Zhelensky a appelé la France et l’Allemagne à l’action. “Ils ont toujours soutenu notre unité, notre souveraineté … mais je l’ai dit très rapidement et honnêtement, nous devons agir très rapidement maintenant”, a déclaré le dirigeant ukrainien lors d’une conférence de presse.

“Ce n’est pas seulement notre problème, je pense que c’est la sécurité de l’Europe”, a déclaré Zhelensky.

Concernant une éventuelle rencontre entre le président américain Joe Biden et le russe Vladimir Poutine, Zhelensky a déclaré: “Quand il y a une conversation, les chanoines se taisent”.

“Je pense que cela aidera à résoudre certains des problèmes … Lorsque des pays importants comme celui-ci ne parlent pas, d’autres souffrent”, a-t-il déclaré.

Dans un appel avec Poutine cette semaine, Biden a exprimé son inquiétude concernant la structure russe et a appelé la Russie à intensifier les tensions. L’administration Biden a fait pression sur la Russie jeudi, annonçant de nouvelles sanctions.

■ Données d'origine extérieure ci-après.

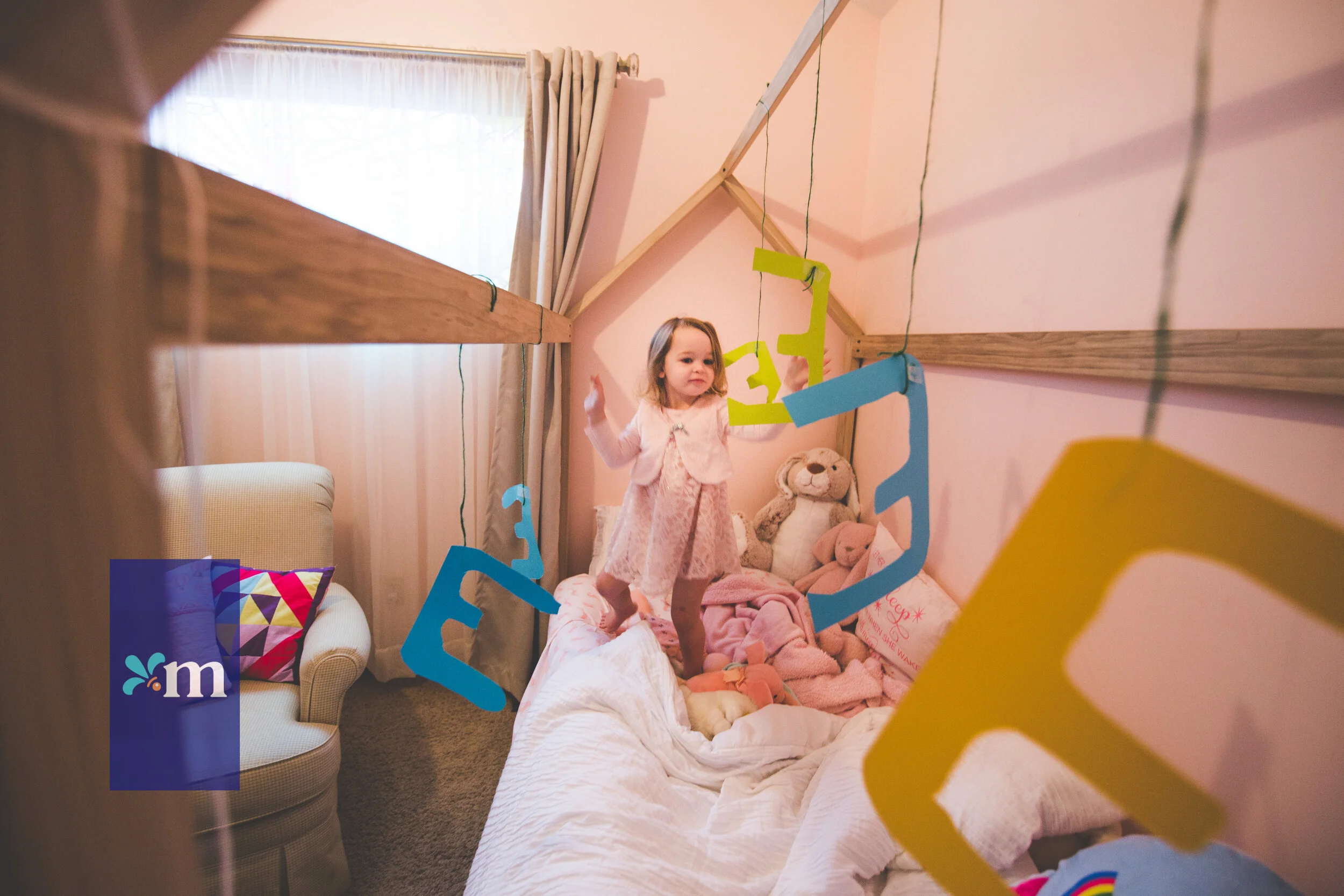 She's 3 And Everywhere!     |     Franklin 12.16.20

Plus de 14000 personnes ont été tuées dans les combats dans l’est de l’Ukraine qui ont éclaté après l’annexion de la péninsule de Crimée en Ukraine par la Russie en 2014. Les violations d’un combat tremblant se sont multipliées ces dernières semaines.

Le Kremlin a déclaré que Macron et Merkel forceraient Zhelensky à respecter l’accord de cessez-le-feu et à mettre en œuvre l’accord de paix de 2015 pour l’est de l’Ukraine, signé à Minsk, la capitale de la Biélorussie.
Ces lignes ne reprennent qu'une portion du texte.